Celle-ci souligne par ailleurs que la Défense belge devra se procurer les pièces détachées et certaines munitions « aux prix imposés » par le fournisseur français. Ces derniers étant confidentiels, « il est impossible de vérifier si des tarifs comparables sont appliqués à la Belgique », dénonce-t-elle.

D’où ses critiques à l’endroit du service des achats de la Défense, qu’elle accuse de n’avoir « mené aucune analyse formelle des risques, […] notamment en ce qui concerne le contrôle des prix liés à l’achat de matériel, de pièces détachées et de munitions auprès du fournisseur français ». Quant au ministère, elle lui reproche d’avoir « oublié » d’exiger plus de garanties sur les retombées économiques de ce programme, alors que celles-ci sont censées s’élever à 910 millions d’euros.

La « fuite » de ce rapport a incité plusieurs formations politiques – en particulier celles de l’opposition – à se saisir de cette affaire. Ainsi, les écologistes [Groen] et les Libéraux et démocrates flamands ouverts [Open-VLD] ont demandé la tenue, en urgence, d’un débat au Parlement.

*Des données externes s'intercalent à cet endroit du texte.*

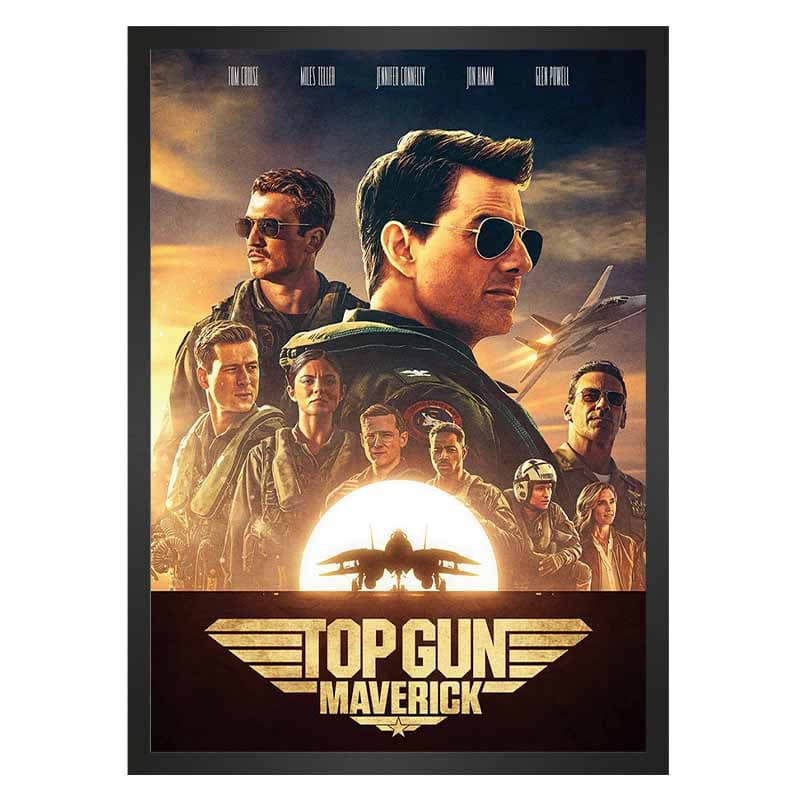 تابلو فیلم تاپ گان top gun
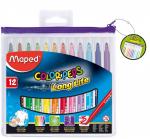 COLOR' PEPS фломастеры 12 цв. в пластиковом футляре на молнии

« Au moment où l’on cherche des milliards supplémentaires pour atteindre la norme d’investissement de l’Otan, l’ampleur du dérapage dans ce dossier est proprement absurde. Le parlement doit pouvoir jouer son rôle de contrôle », font valoir les libéraux flamands.

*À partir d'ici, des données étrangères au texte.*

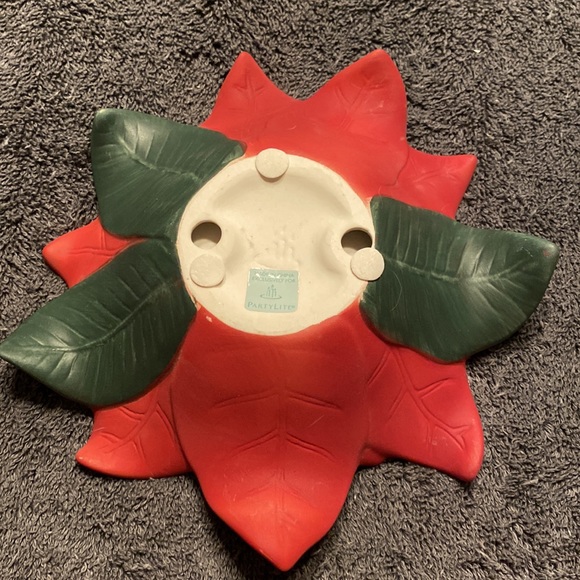PartyLite Poinsettia Candle Holders - Picture 6 of 8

Dans un communiqué, la Défense belge s’est dit prête à s’expliquer devant les parlementaires… mais seulement après la publication du rapport définitif de la Cour des comptes. En attendant, elle a rappelé que la somme de 1,5 milliard d’euros ne concerne que l’achat des Griffon et des Jaguar et qu’il avait bien été tenu compte de leur coût d’exploitation.

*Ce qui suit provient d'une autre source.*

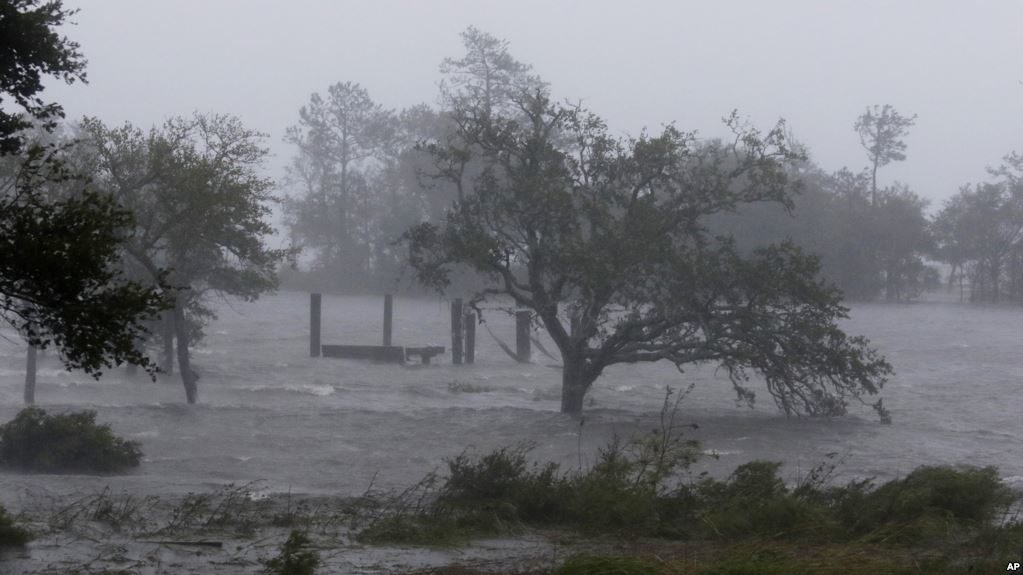 Huracán Florence hurricane North Carolina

« Les dépenses ultérieures pour d’autres types de véhicules » du programme CaMo ainsi que pour les munitions, le carburant, l’entretien et les infrastructures portent l’estimation totale à 14,4 milliards d’euros, comme l’indique la Cour des comptes. Ce montant couvre donc plus que l’achat du premier lot de véhicules. Il est calculé sur l’ensemble des investissements prévus par la Vision Stratégique 2016 […] pour la Capacité Motorisée. Il inclut tous les coûts additionnels sur une période de 25 ans. Ces dépenses sont intégrées dans la planification budgétaire pluriannuelle de la Défense », a-t-elle conclu, selon la Libre Belgique.